Having reviewed these, it is the view of those who have prepared the bill and who are speaking today on behalf of the bill that banks and financial institutions should be supportive of this bill. It does not encroach on or somehow provide any significant burden that will not help us all, as vested stakeholders, with the opportunity to protect assets and indeed to protect Canadians. The Liberal caucus certainly will be supporting Bill C-25 when the vote takes place at second reading and hopes that it will receive prompt activity.
I will close by reiterating a couple of points about the concerns Liberals have with regard to the bill, which I believe can be addressed by the committee. The first is whether the scope of the bill should be broadened to include not only cash but other commodities like jewellery, diamonds, et cetera. The bill does not provide that. The Senate committee did, however, recommend this. I believe it probably should be seriously considered by the finance committee when it has the opportunity to address Bill C-25. It should take to heart the testimony before the Senate committee and of course the substance of the recommendation it made in regard to non-cash commodities.
The second issue of concern is that of solicitor-client privilege and whether the invocation of that privilege has not been so strong in the bill that we are not availing ourselves of information that the legal profession has and which could help society track down terrorists and money launderers. This is a very complicated area. It is an area in which I do not have expertise, but as we know, parliamentarians cannot be experts in all things, although we certainly have the tools and resources to bring them forward through expert witnesses in committee, who can advise us on whether these are the kinds of things we can do without compromising the privacy principles we have embraced in our privacy legislation.
Finally, probably the most fundamental item of concern is the balance between, on the one hand, the need to get tough and track down terrorists and money launderers, and, on the other hand, the need to protect the rights of the individual and privacy. I believe the balance has been undone by this bill and that the defence of privacy issues will need to be correspondingly strengthened.
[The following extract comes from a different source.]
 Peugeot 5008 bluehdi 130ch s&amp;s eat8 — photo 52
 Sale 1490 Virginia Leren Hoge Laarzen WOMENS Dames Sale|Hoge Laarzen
Let me repeat that. It appears that the bill may have sided a little too heavily on getting after terrorist financing, and it may have either inadvertent or unintended consequences where in fact privacy principles may have been pushed to the point where it may be inappropriate. We have to examine that much more carefully. It is an important principle and I hope all hon. members will agree. We have to make sure that this balance is appropriate. We have to make sure that we use all the tools and resources we have and the experts we have to come before the parliamentary committee to give us the information we need so that, in accordance with our prayer, we make good laws and wise decisions.